The duration of extraction is from approximately 1 hour to
approximately 3 hours per additional extraction step.
[0072] The extract obtained is then subjected to evaporation.
[0073] The person skilled in the art will adjust the operating
conditions of the procedure by means of supercritical fluid to
obtain a Eucalyptus extract that is enriched to a greater or lesser
extent.
[0074] The final extract is dried by lyophilisation or by more
conventional means of drying known to the person skilled in the art
(spray-drying, oven, . . . ). The drying temperatures preferably do
not exceed about 60.degree. C.
[0075] The extract can be stabilised by adding an antioxidant, such
as, for example, ascorbic acid or citric acid in amounts ranging
from approximately 0.05 to approximately 1 g per 100 g of dry
extract.
[0076] In a preferred manner, said compounds (I), including
macrocarpal L and macrocarpal M, may be isolated from a plant
extract. The plant extract is preferably a Eucalyptus extract.

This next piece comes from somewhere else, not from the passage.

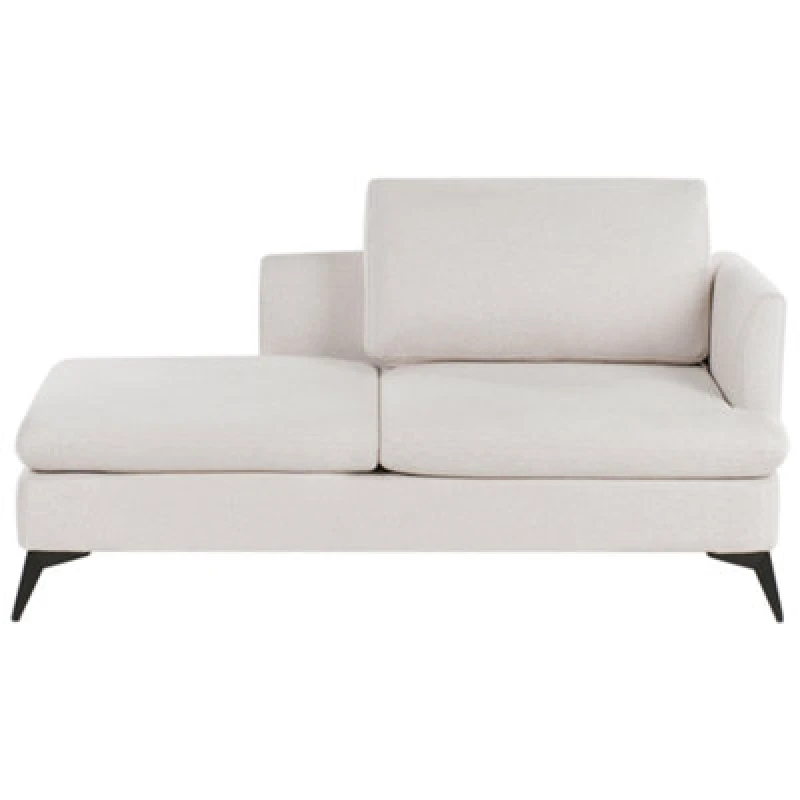 Image of Beliani Right-Hand Chaise Lounge Sievoz Fabric Light Beige
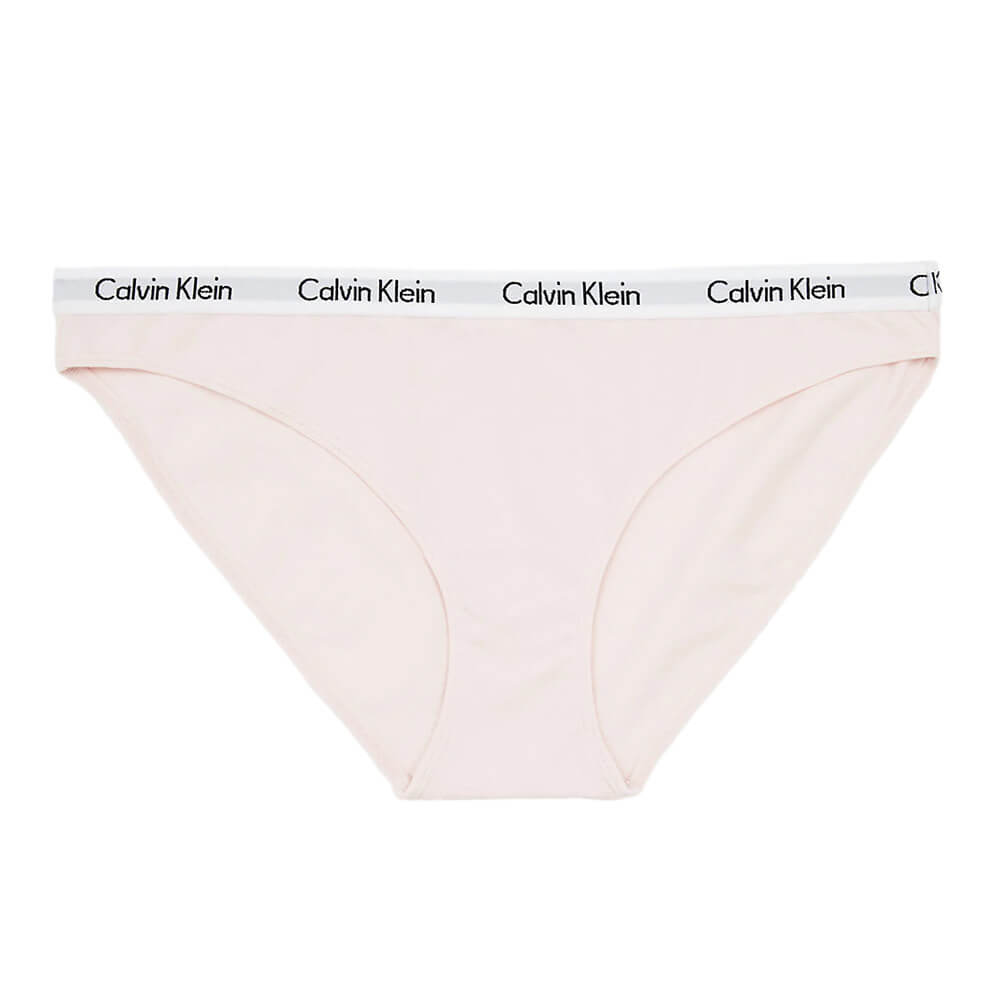 Dámske nohavičky Calvin Klein Carousel Stretch Cotton Classic Bikini Brief ružové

Techniques that allow them to be purified are chromatographic
techniques conventional for the person skilled in the art. The
extracts are fractionated on a preparative column which has as
stationary phase an inverse phase, preferably Symetry Shield.RTM.,
5 .mu.m (Waters), and as mobile phase an
acetonitrile/water/trifluoroacetic acid mixture in the proportions
95/5/0.1%.
[0077] The purity in compound of formula (I) of such a fraction is
greater than or equal to 90%. Preferably, the purity in macrocarpal
L or macrocarpal M of such a fraction is greater than or equal to
90%.
[0078] The Applicant has demonstrated the influence of the
compounds of formula (I) according to the invention on the reuptake
of neurotransmitters.
[0079] In the context of the present invention,
<<neurotransmitters>> are understood to mean: dopamine
and/or serotonin and/or noradrenaline.
[0080] In view of their pharmacological properties of inhibiting
the reuptake of those neurotransmitters, said compounds of formula
(I) are especially useful in the preparation of a medicament or
food supplement intended for the treatment and/or prevention of
numerous ailments or pathologies resulting from a lack of dopamine
and/or serotonin and/or noradrenaline.
[0081] Among the ailments or pathologies that can be treated and/or
prevented by using at least one compound of formula (I) according
to the present invention, there may be mentioned as non-limiting
illustrative examples: [0082] neurological diseases, ailments or
disorders: such as neurodegenerative diseases (Alzheimer's disease,
Huntington's chorea, Parkinson's disease, cerebral vascular
accidents, cranial traumatism), amyotrophic lateral sclerosis,
senile dementias, fronto-temporal dementias, vascular dementias,
migraine, neuropathic pains of central origin; [0083] psychiatric
diseases, ailments or disorders: such as depression (endogenous,
resistant, reactive or iatrogenic), depressive state,
schizophrenia, bipolar disorder, generalised anxiety, diseases
associated with stress, panic attacks, obsessive compulsive
disorders, post-traumatic stress syndromes, attention and
hyperactivity disorders, eating behaviour disorders (especially
bulimia, anorexia), phobia (especially agrophobia), autism; [0084]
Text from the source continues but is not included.